The plan was devised during the Board meeting held last year and a budget of 12 lakh was placed in the overall development.
The school decided to use stones to build the path because concrete is inclined to get slippery during monsoons and provides even less traction when it snows. Furthermore, stone paths are more sustainable since concrete requires to be produced by mixing water, aggregate, and cement in a machine which increases the school’s carbon footprint.
In fact, the stones used in the construction of the path are found in the Mussoorie region. The school could have used smoother stones from Rajasthan, however, that would contribute to a bigger carbon footprint due to transportation and burning of fossil fuels.
Mr. Enosh Thomas, a member of the Estate Office, said, “since we talk about sustainability all the time, it makes sense to use these stones.”
There are also numerous other renovations that have been done on the path.
Along the sides, there are higher and safer railings, better lighting, and a drainage system to get rid of the water during monsoon.
Three years ago, there was an incident where a small landslide occurred and majority of the path was blocked. To avoid the recurrence, a retaining wall has been placed towards the side which prevents stones and mud from falling on the path.
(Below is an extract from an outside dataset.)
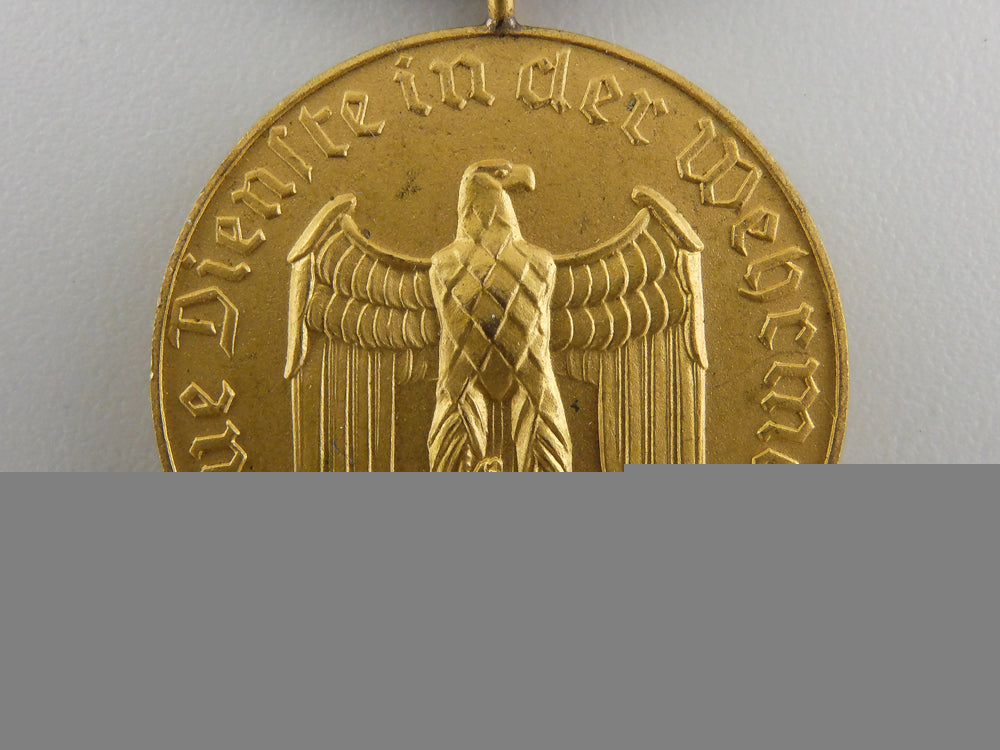 a_wehrmacht_long_service_medal_for12_years_of_service_img_02.jpg55d8aebbc22b0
The Estates Office is aware of the conflicting opinions on the path and understand that it might be “difficult to walk on during summer, especially with heels.” However, according to Mr. Thomas, “all such developments come from a safety and sustainable perspective for the students.”
Although, “we don’t have that much money budgeted to complete all the paths,” Mr. Dogra said, the school hopes to finish the renovations by next year.